→ **Problem requirements**:
Reproduce the entries below exactly, but only from the line containing "트라이보울 시리즈 이미지" to the line containing "The Strongest Characters", inclusive.

━━ Data records

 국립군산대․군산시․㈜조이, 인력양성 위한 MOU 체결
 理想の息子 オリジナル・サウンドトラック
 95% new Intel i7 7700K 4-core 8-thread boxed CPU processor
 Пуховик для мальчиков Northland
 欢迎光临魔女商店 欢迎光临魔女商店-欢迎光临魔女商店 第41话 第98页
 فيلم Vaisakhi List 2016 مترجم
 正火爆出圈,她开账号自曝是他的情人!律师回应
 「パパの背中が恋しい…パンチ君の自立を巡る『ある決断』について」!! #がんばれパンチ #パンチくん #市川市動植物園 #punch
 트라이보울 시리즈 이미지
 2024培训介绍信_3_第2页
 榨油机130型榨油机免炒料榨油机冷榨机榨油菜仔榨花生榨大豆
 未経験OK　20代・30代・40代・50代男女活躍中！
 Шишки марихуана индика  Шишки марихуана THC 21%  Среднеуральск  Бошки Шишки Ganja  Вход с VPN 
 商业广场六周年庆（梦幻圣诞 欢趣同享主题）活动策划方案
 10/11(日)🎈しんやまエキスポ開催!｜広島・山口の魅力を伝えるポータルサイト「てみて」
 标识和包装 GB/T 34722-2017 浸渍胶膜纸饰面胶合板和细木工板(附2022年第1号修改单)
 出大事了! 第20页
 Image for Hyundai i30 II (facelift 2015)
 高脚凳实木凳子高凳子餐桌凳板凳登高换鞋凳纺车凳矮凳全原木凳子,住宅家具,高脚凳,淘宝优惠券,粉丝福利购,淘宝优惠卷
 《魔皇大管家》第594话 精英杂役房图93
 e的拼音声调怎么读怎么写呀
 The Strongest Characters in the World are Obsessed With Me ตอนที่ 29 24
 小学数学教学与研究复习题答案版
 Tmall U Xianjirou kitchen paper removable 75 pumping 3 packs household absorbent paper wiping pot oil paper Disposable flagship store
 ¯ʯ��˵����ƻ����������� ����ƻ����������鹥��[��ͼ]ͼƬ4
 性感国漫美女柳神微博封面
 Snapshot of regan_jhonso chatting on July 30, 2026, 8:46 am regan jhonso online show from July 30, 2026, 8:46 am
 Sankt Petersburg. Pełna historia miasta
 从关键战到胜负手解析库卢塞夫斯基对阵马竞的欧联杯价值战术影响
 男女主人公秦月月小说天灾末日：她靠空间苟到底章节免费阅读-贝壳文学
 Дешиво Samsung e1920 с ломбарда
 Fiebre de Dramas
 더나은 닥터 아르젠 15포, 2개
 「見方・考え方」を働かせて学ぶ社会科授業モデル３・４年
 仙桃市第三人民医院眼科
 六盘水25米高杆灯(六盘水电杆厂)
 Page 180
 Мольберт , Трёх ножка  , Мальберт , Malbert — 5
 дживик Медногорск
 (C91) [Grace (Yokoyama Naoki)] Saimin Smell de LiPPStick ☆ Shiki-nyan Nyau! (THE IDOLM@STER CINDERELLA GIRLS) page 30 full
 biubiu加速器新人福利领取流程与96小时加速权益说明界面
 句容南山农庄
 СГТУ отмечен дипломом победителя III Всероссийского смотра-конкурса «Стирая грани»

━━━━

→ **Solution for this task**:
 트라이보울 시리즈 이미지
 2024培训介绍信_3_第2页
 榨油机130型榨油机免炒料榨油机冷榨机榨油菜仔榨花生榨大豆
 未経験OK　20代・30代・40代・50代男女活躍中！
 Шишки марихуана индика  Шишки марихуана THC 21%  Среднеуральск  Бошки Шишки Ganja  Вход с VPN 
 商业广场六周年庆（梦幻圣诞 欢趣同享主题）活动策划方案
 10/11(日)🎈しんやまエキスポ開催!｜広島・山口の魅力を伝えるポータルサイト「てみて」
 标识和包装 GB/T 34722-2017 浸渍胶膜纸饰面胶合板和细木工板(附2022年第1号修改单)
 出大事了! 第20页
 Image for Hyundai i30 II (facelift 2015)
 高脚凳实木凳子高凳子餐桌凳板凳登高换鞋凳纺车凳矮凳全原木凳子,住宅家具,高脚凳,淘宝优惠券,粉丝福利购,淘宝优惠卷
 《魔皇大管家》第594话 精英杂役房图93
 e的拼音声调怎么读怎么写呀
 The Strongest Characters in the World are Obsessed With Me ตอนที่ 29 24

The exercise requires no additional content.